Engineering Challenges

  • RBAC Misconfiguration Blocking EKS Add-on Updates — eks:UpdateAddon and eks:DescribeAddonVersions were missing from the provisioning role. Fixed by expanding the inline policy and re-running terraform apply.
  • n8n Worker CrashLoopBackoff from Redis Connection Timeout — ElastiCache security group missing inbound 6379 rule from EKS node SG (cross-module reference gap in Terraform). Fixed by adding an aws_security_group_rule in the eks/ module.
  • Prometheus Storage Exhaustion After 8 Days — hostmetrics generated 4× more time series than estimated (12,000 vs 3,000), filling 50Gi PVC and corrupting the TSDB. Fixed by resizing to 200Gi, reducing collection interval from 10s to 30s, and adding a retention.size cap.
  • Fluentd DaemonSet Silently Dropping Logs — OIDC provider ARN in the IRSA trust policy was hardcoded to us-east-1 instead of eu-west-1. Identified via CloudTrail STS AssumeRole failures. Fixed by using the cluster's OIDC issuer output.
  • HPA Oscillation Under Steady-State Load — Workers scaled in/out every 8–10 minutes because 6–8 minute jobs caused brief CPU dips below the scale-in threshold. Fixed by adding scaleDown stabilizationWindowSeconds=600.
  • PostgreSQL Connection Pool Saturation — 7 worker pods × 5 connections each exhausted RDS max_connections (100).
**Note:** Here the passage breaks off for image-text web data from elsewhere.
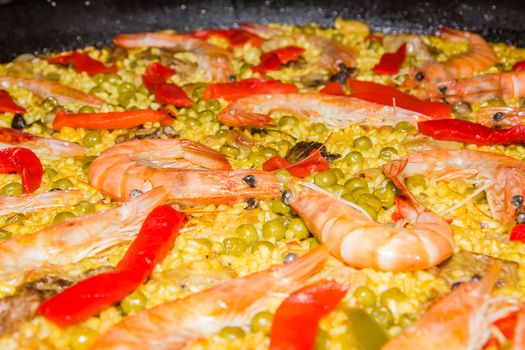 Detail of traditional spanish paella cooked in a pan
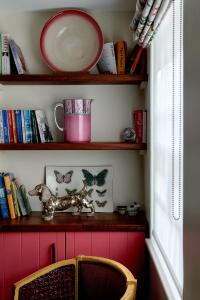 um quarto com uma prateleira com livros e uma cadeira em Pearls Cottage em Farnham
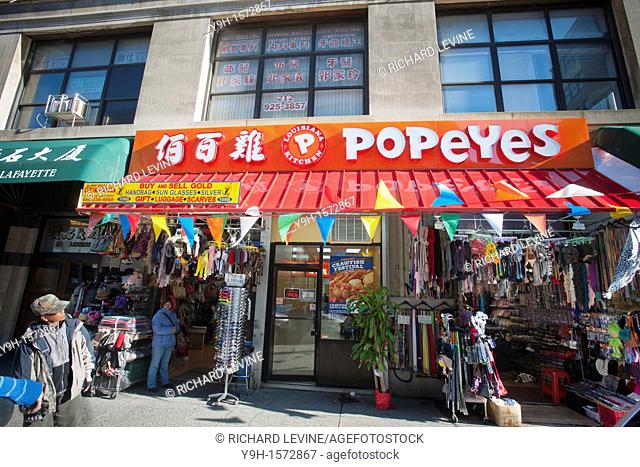 A Popeye's Louisiana Kitchen restaurant in Chinatown in New York with bilingual signage in Chinese and English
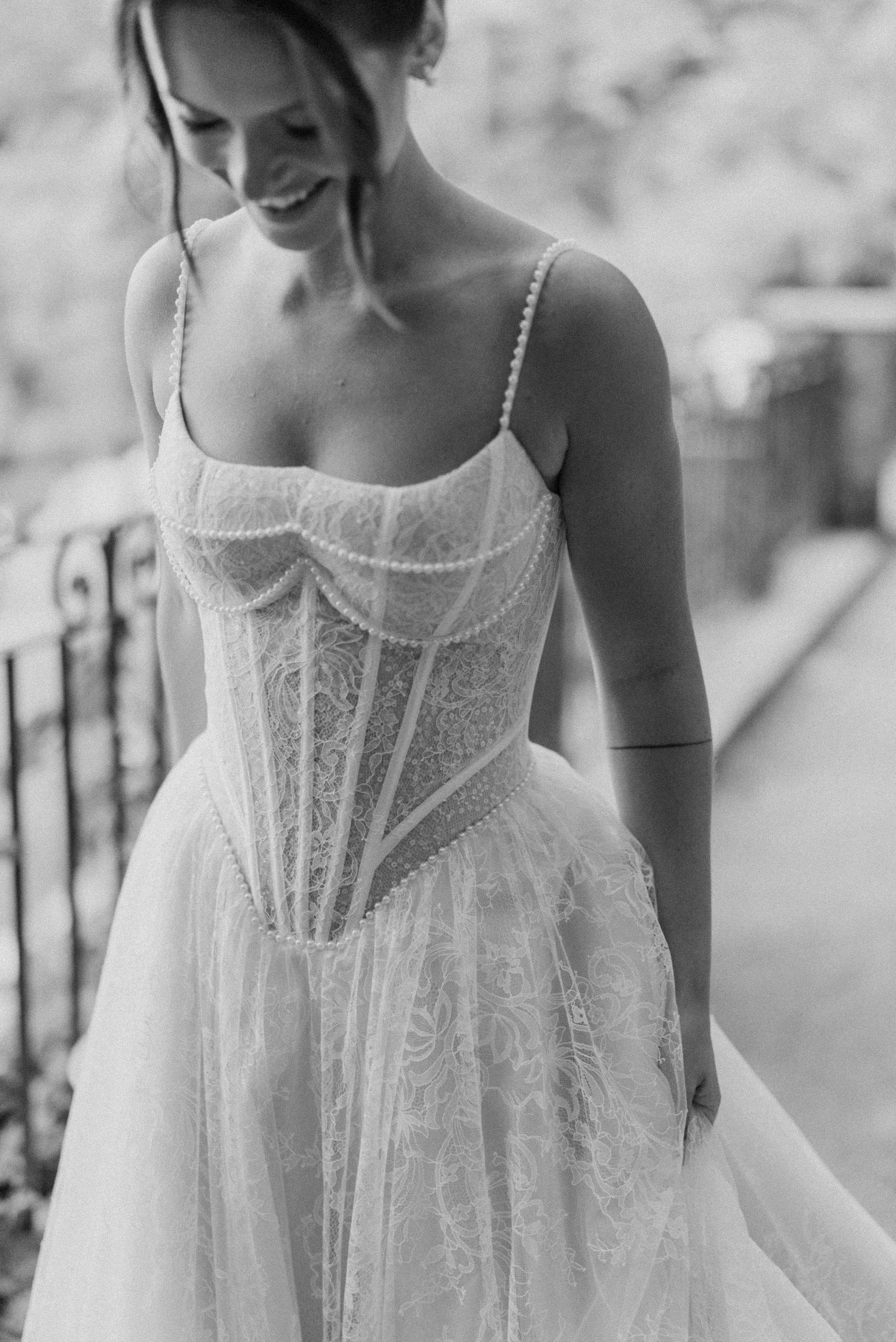 Black and white photo of a woman in a lace dress, smiling and looking down, standing outdoors near a railing.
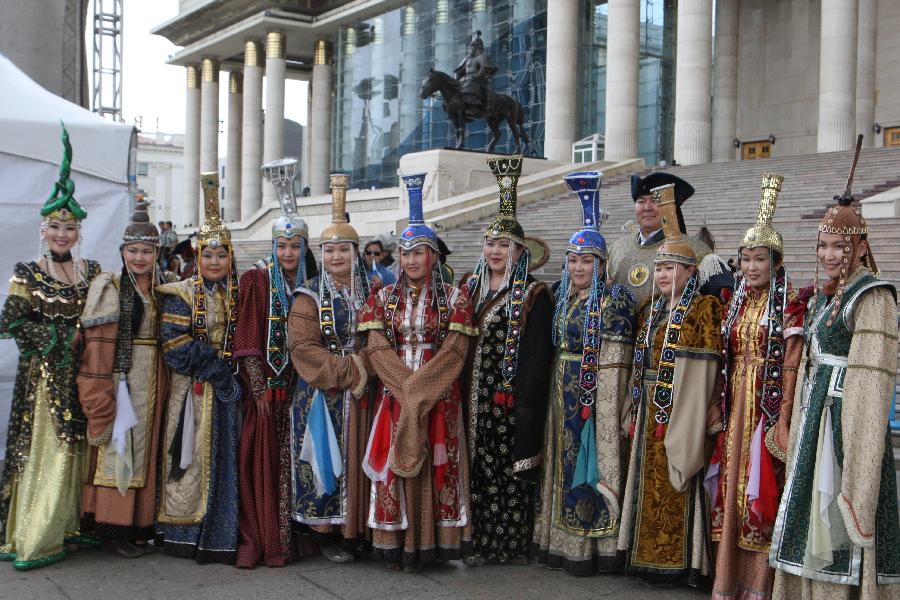 Models present traditional Mongolian clothes during the annual Mongolian Clothing Festival in Ulan Bator, Mongolia, July 20, 2013. (Xinhua/Shi Yongchun)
Fixed by deploying PgBouncer in transaction pooling mode, stabilizing RDS connections at 12.

Project Outcomes

  • Full cluster provisioned via Terraform in under 25 minutes — zero manual AWS console actions.
  • 99.9% uptime for n8n over 6 weeks, including 3 node failures handled automatically by cluster autoscaler.
  • Incident MTTR reduced from 45 minutes to under 8 minutes via pre-built Grafana dashboards with direct alert-to-log links — 82% MTTR reduction.
  • 20-node EKS cluster scaled autonomously through a 200-concurrent-workflow stress test.
  • CloudWatch Logs ingestion reduced 84% (45 GB/day → 7.2 GB/day) without losing actionable signal.
  • ALB costs reduced 75% ($88 → $22/month) through IngressGroup consolidation.
  • Zero duplicate workflow executions after migrating to n8n queue mode — validated across 1,200 test runs.